La question est de savoir pourquoi ces alternatives sont les seules qui se présentent à nous et par quelles luttes nous pourrons les dépasser.
[1] On peut aussi trouver dans les archives de Camarades un entretien sur cette lutte à partir de l’histoire d’une lutte des femmes immigrées contre le meurtre de Mohammed Diab abattu par la police en 1972
[2] Aux soins du collectif international féministe, Le opearie della casa, Marsilio, Padoue-Venise, 1975.
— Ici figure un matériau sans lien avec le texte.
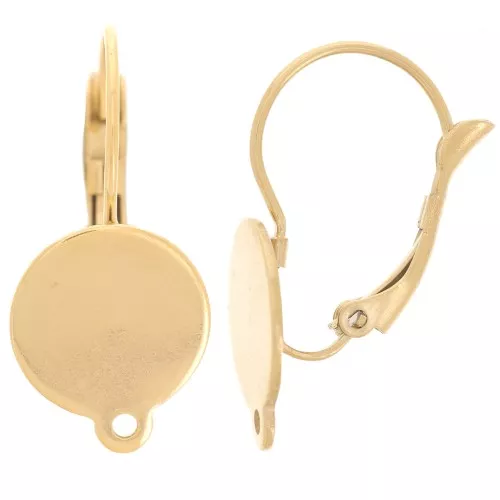 25mm 304 stainless steel leverback earrings for 12mm cabochon - Gold x2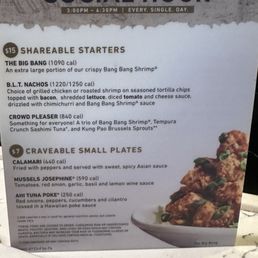 Happy hour menu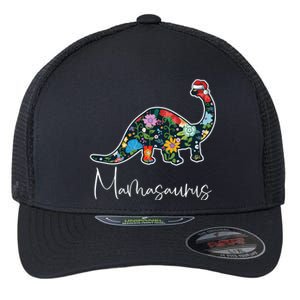 Mamasaurus Christmas Cute Floral Brontosaurus Dinosaur Mom Gift Flexfit Unipanel Trucker Cap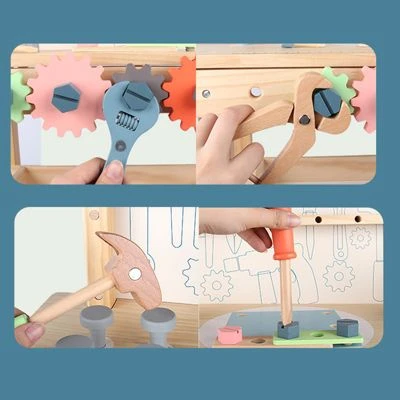 Enbaoxin Kindersimulation Holzwerkzeugtisch Kinderspielzeug Puzzle Nüsse Montiert 3 Enbaoxin Kindersimulation Holzwerkzeugtisch Kinderspielzeug Puzzle Nüsse Montiert - Image 3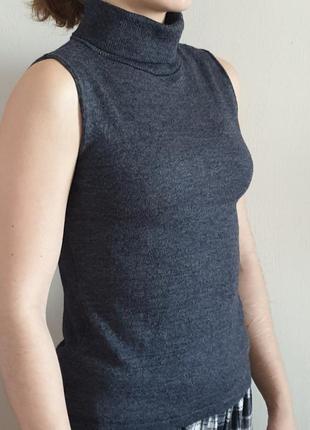 Серая меланжевая водолазка гольф без рукавов шерсть и вискоза3 фото
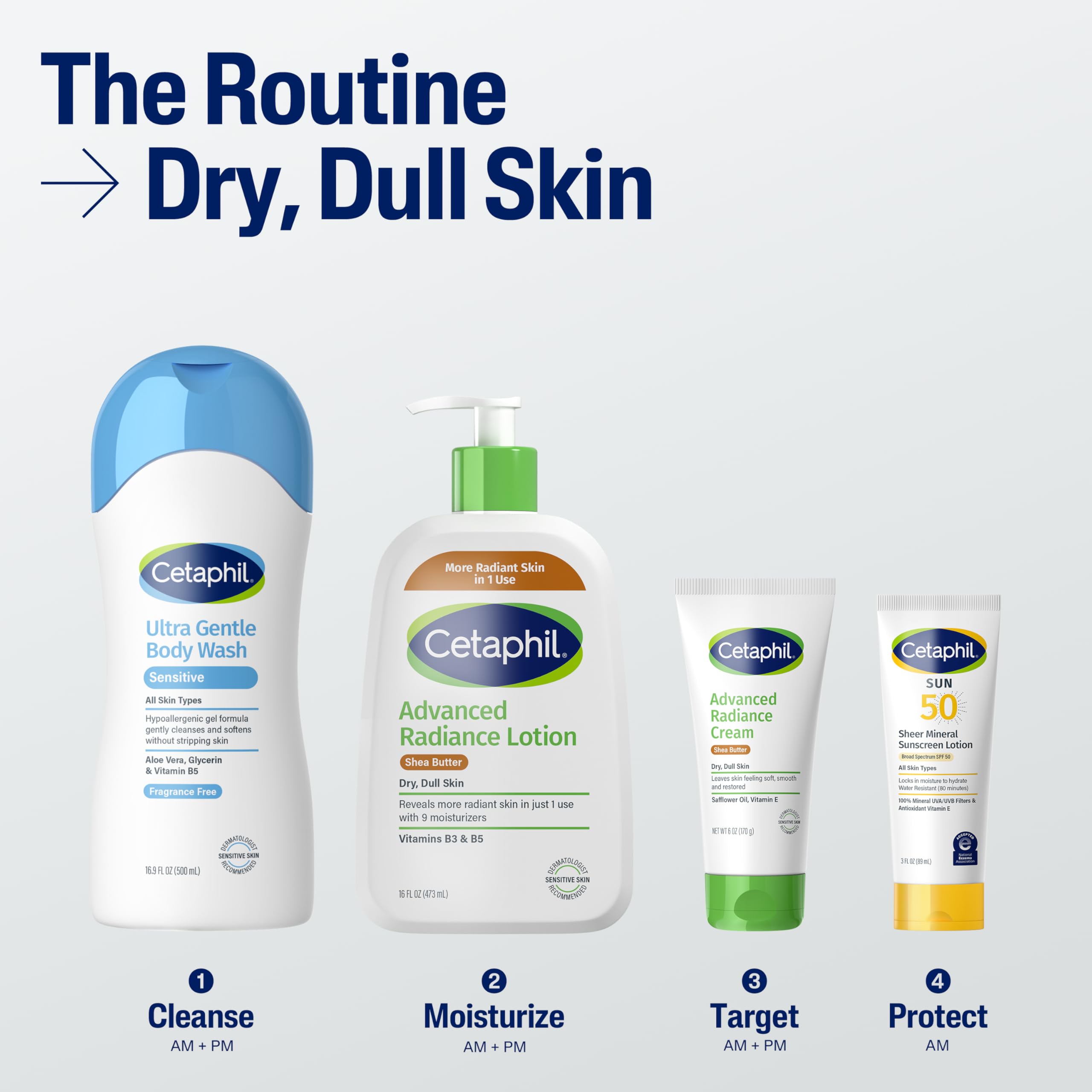 Cetaphil Advanced Radiance Piel Sensible, adecuada para piel sensible y sin fragancia.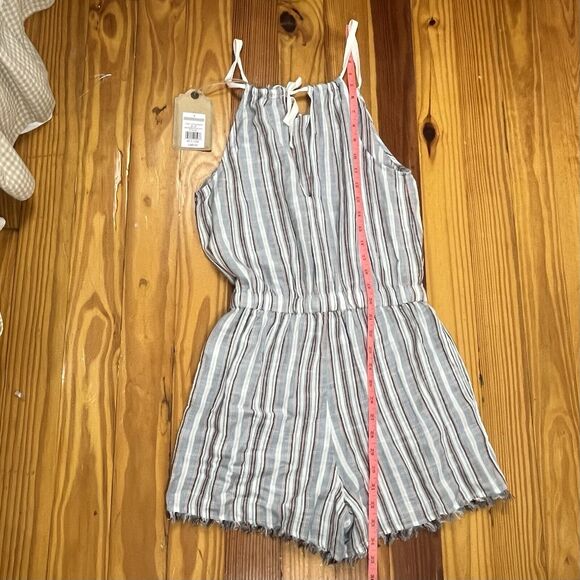 New Striped Romper Sz S Blue White Raw Edge Halter Pockets Beachy True Craft NWT - Picture 7 of 16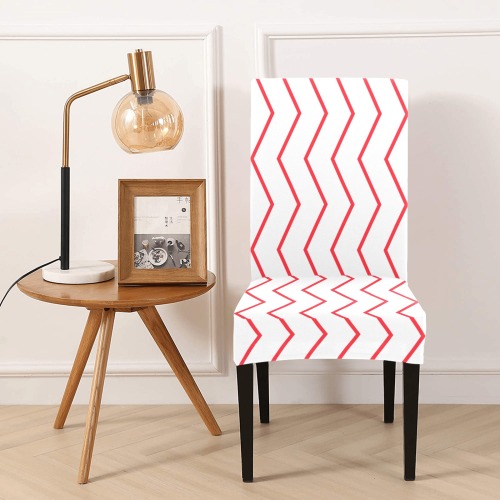 White red chevron vertical lines pattern Chair Cover (Pack of 4)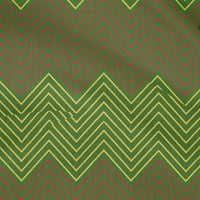 OneOone Cotton Fle Forest Green Fabric Chevron Geometric Sewing Material Print Fabric до двора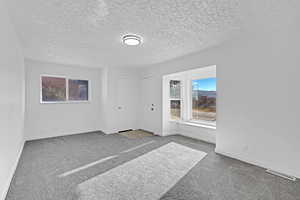 Carpeted empty room featuring a textured ceiling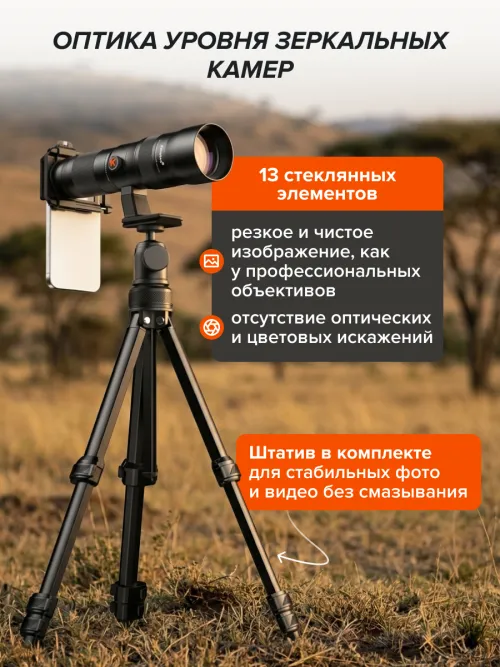 Набор с телекуляром для телефона Levenhuk Kelvin TLC50,  26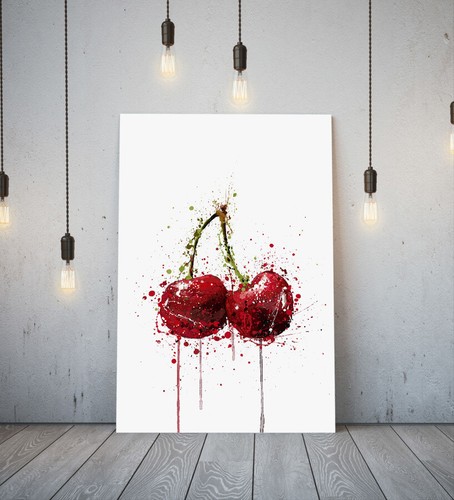 CHERRY FRUIT -DEEP FRAMED CANVAS WALL SPLASH ART PICTURE PAPER PRINT- RED GREEN - Picture 1 of 17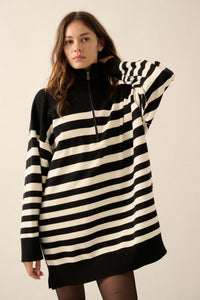 New Horizon Striped Half-Zip Mini Sweater Dress - ShopPromesa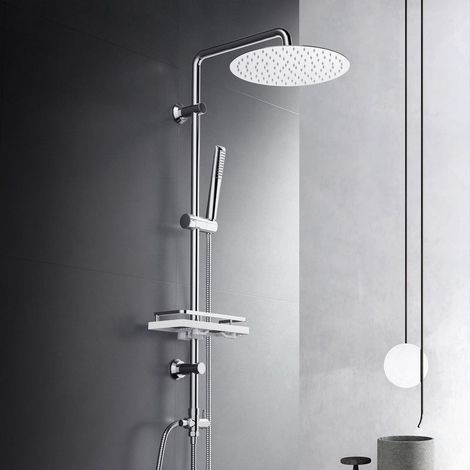 Görbach Colonne de douche chromée adaptable sur robinetterie existante, douche pluie ronde Ø25 cm avec tablette intégrée (1/5)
[3] Parmi les épisodes les plus « spectaculaires » de ces contestataires dont tout les journaux ont dû parler, rappelons ceux de Padoue et de Milan : à Padoue, les féministes du Comité pour le salaire au travail ménager ont violemment contesté et plongé dans le ridicule le congrès national organisé par les habituels psychologues et psychiatres sur « Psychothéraphie : intégration ou libération », les 22 et 23 mars 1975. Les mêmes camarades interrompaient le congrès international de psychanalyse organisé à Milan, au mois de novembre, sur « Sexualité et politique ».
[4] Sur la signification politique et sur la problématique organisationnelle de cette manifestation : aux soins du collectif international féministe, 8 mars 1974, Marsilio, Padoue-Venise, 1975.
[5] Note de traduction (pour l’édition italienne) : lorsque l’auteur parle de conditionnement partiel du travail ménager, elle fait allusion à cet entraînement particulier au travail ménager qui advient dans la maison entre mère et fille, ou plus généralement entre les femmes qui travaillent à l’intérieur d’une même maison, entre voisines, etc…
[6] Ndt : nous renvoyons à l’introduction à l’édition italienne pour une spécification ultérieure de ce discours.
[7] Plus le pouvoir des femmes augmente, plus les occupations de maisons peuvent servir aussi à procurer un espace où nos enfants peuvent jouer de manière plus sociale qu’à l’intérieur (où ils sont collés à la mère qui travaille) ou plus sûre que la route.
[8] Il s’agit toujours de « l’organisation » qui advient à travers un certain moment de la lutte.